IX.

Als ich mich zum erstenmal erschlug, war ich achtzehn Jahre alt. Ich war mein Bruder aus Frankreich und hieß Pierre. Wie Kain den Abel habe ich mich erschlagen.

Freiwillig waren wir losmarschiert. Lichtscheu. Am Boden krochen wir. Kein Stacheldraht zerriß mein Herz. Hart gierig lag ich auf der Lauer.

Oh weh! Ihr tapfern Jäger, Ihr kühnen Helden! Ihr lauert dem kleinen Hasen auf.
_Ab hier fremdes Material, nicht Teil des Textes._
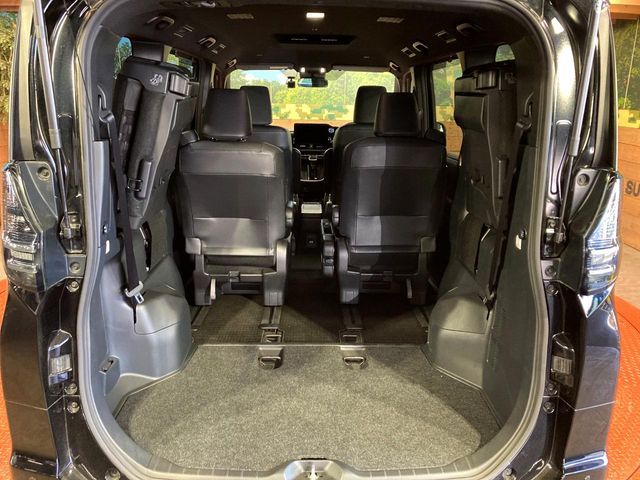 TOYOTA VOXY HYBRID 2022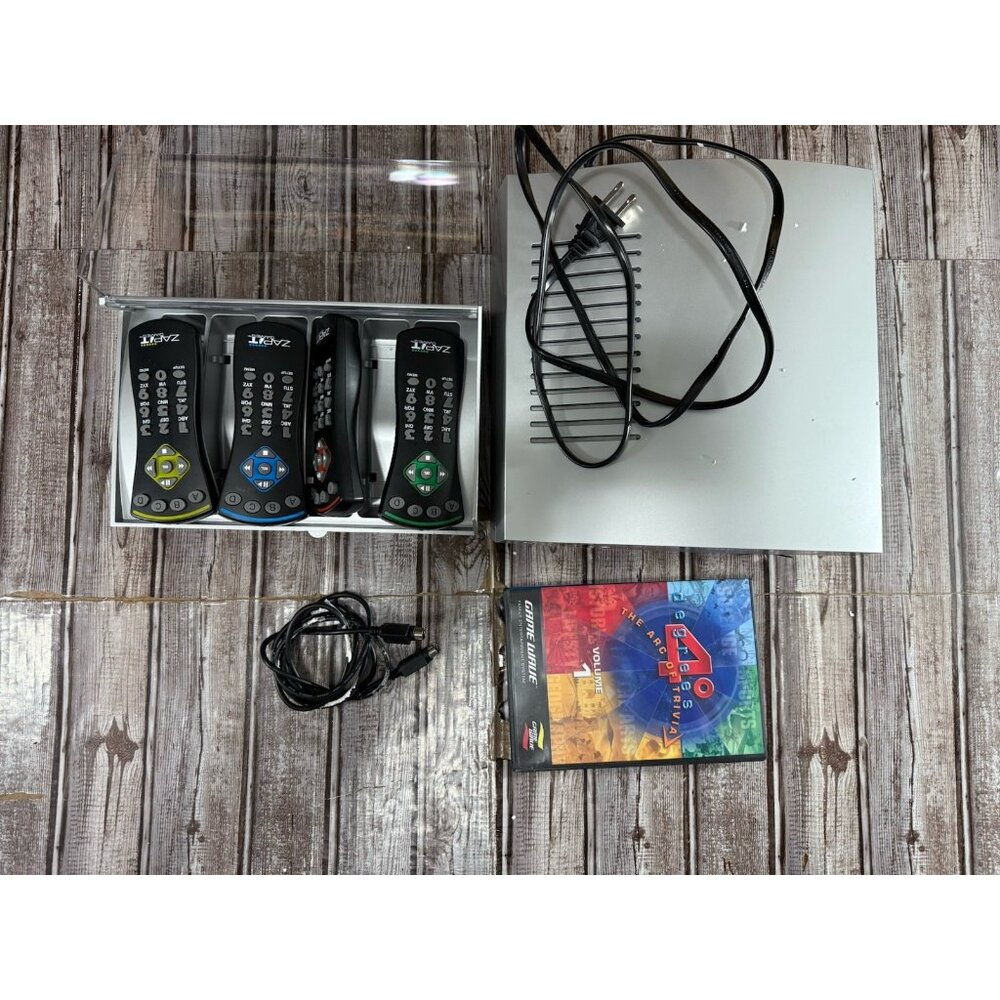 Game Wave Console + 4 Wireless Remotes + 1 4 Degrees Vol 1 **Parts Only Read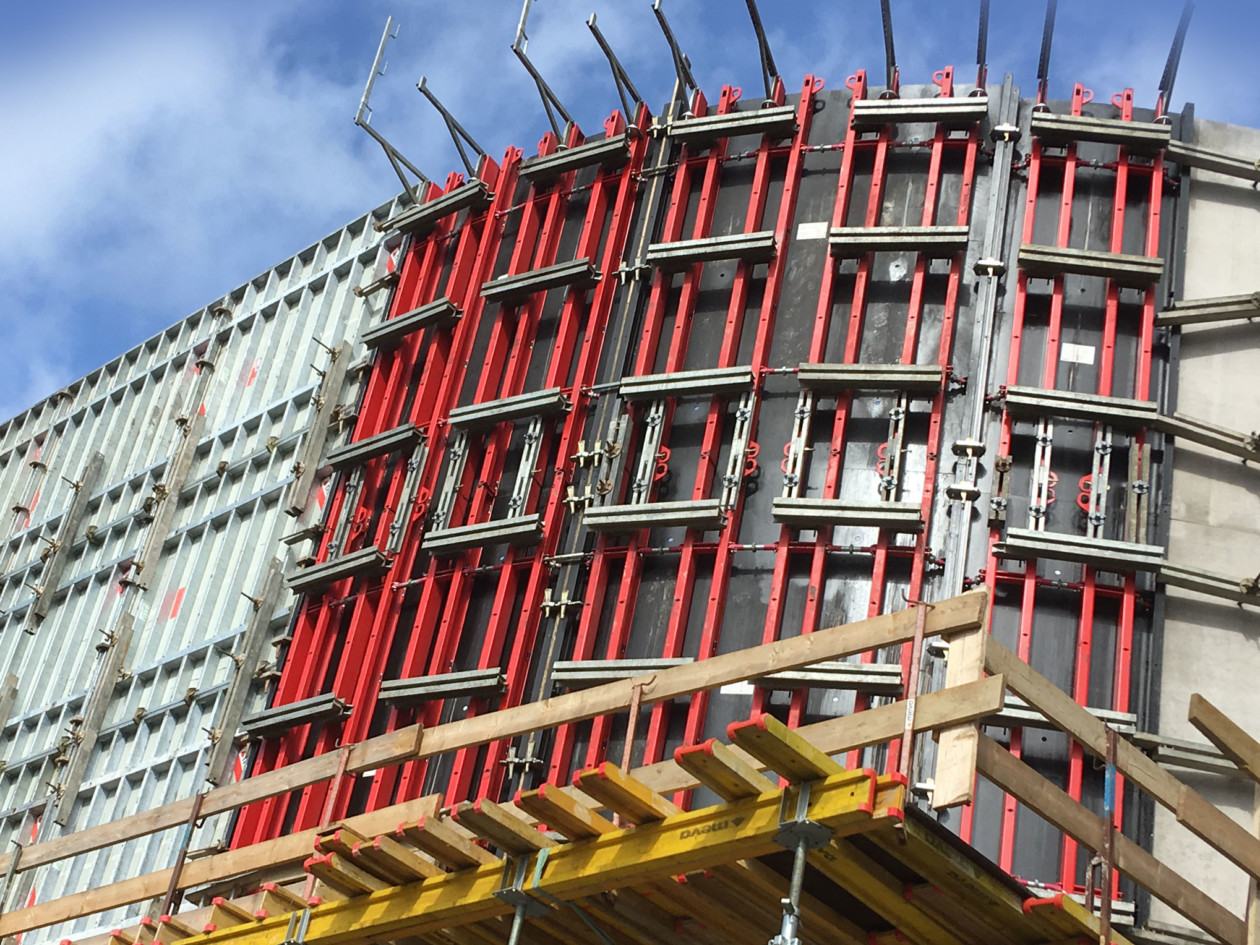 Large scale radius formwork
Dem gehetzten Häslein zerbrecht Ihr das Rückgrat und freut Euch hoch über seinem Blut.

Da schlug mein Herz voll Gier, als mein Bruder heran kam, mein französischer Bruder, mein kleiner Peter. Ganz dicht ging er an mir vorüber. Ich freute mich hoch über seinen wehrlosen Rücken. Und kroch ins Dunkle hinter meinem Bruder.

Da fuhr die höllische Leuchtkugel hoch. Da sah er mich an. Da hob er seine Hände. So unschuldig war das Brüderlein!

Ich aber warf die Granate. Ich warf die Granate, während das Brüderlein die Hände hob.

Da hatte ich viel Beifall. Da fuhren die Leuchtkugeln hoch. Da klatschten die Gewehre eifrig Beifall.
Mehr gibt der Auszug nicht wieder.